Snap inspections are misleading

1st October 1999 at 01:00
Kay Smith and Neil Munro report on research that suggests pupils might know their teachers better than the inspectors do.

The latest European research suggests traditional school inspections provide a partial picture of schools at best, and a distorted picture at worst, an Edinburgh conference heard last week.

John MacBeath, head of the Quality in Education Centre at Strathclyde University, who has worked closely with the HMI audit unit over many years cited research he and others carried out for the European Commission, and reported in the study Evaluating Quality in School Education.

Addressing the annual conference of Scotland's educational psychologists, Professor Mac-Beath highlighted the approach used by a school in Germany where one teacher was weighed up by pupils in seven different classes.

This showed how results could fluctuate and emphasised the importance of taking pupils' views into account. "It was illuminating how the qualities of a teacher are contextualised and how results can depend on time, class and place," Professor MacBeath said.

This challenged the reliance on the "snapshot" inspections carried out by Ofsted in England, where classroom lessons are evaluated on the basis of a 15-minute observation.

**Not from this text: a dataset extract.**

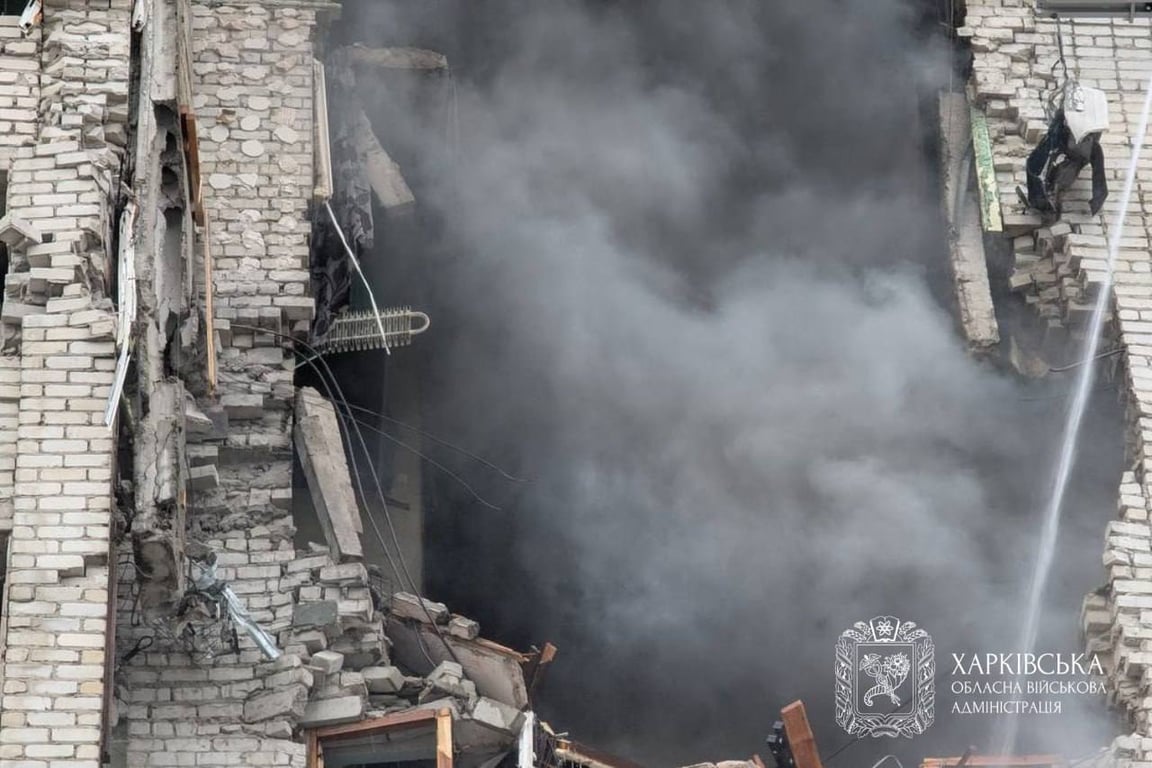 Дим на місці руйнування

The result was "a totally distorted picture," he argued.

By contrast Douglas Olser, the head of the inspectorate, said recently that HMI had unrivalled evidence about the state of schools which set "often tendentious research projects in their context." He added that inspectors had spent 5500 days in schools last year.

Professor MacBeath said later that Scottish inspections were more extensive but still offered "a partial view". He acknowledged that schools must be subject to external inspection as well as internal evaluation.

Professor MacBeath said that a number of schools in Scotland were already European leaders in encouraging pupils as young as five to take part in evaluations. At the other end of the spectrum, however, "there are schools which have not grasped the nettle and think the process is tedious and onerous."

The need for schools to have a "critical friend" was often overlooked, Professor MacBeath added. He believed only the most self-confident and self-assured schools can be totally self-evaluating. "Schools therefore need critical friends such as educational psychologists who could contribute their knowledge and language and who could work with teachers on suitable methodology," he said.